◆ **Problem to work on**
Repeat the listing that follows, character for character, minus the pictures.

◆ **Material provided**
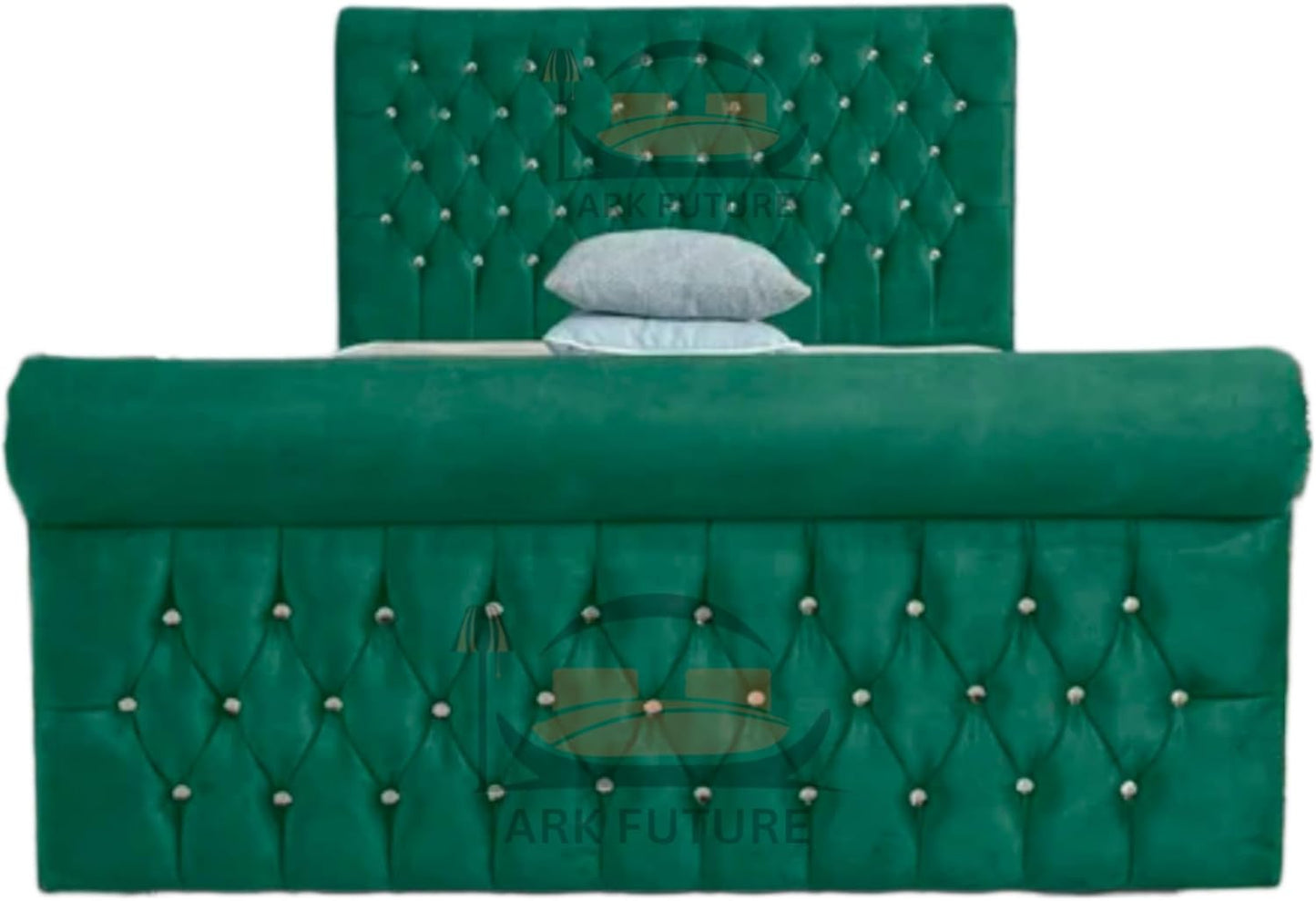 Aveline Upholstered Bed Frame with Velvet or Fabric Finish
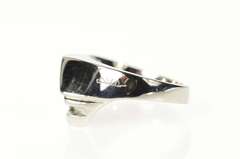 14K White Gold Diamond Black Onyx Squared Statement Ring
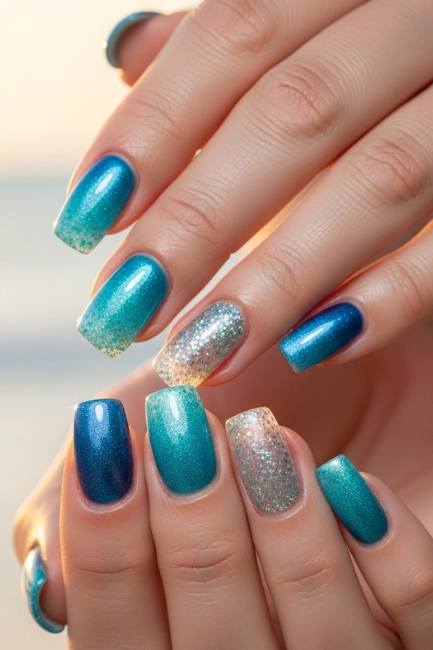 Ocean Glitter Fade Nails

◆ **Answer for the task**
 Aveline Upholstered Bed Frame with Velvet or Fabric Finish
 14K White Gold Diamond Black Onyx Squared Statement Ring
 Ocean Glitter Fade Nails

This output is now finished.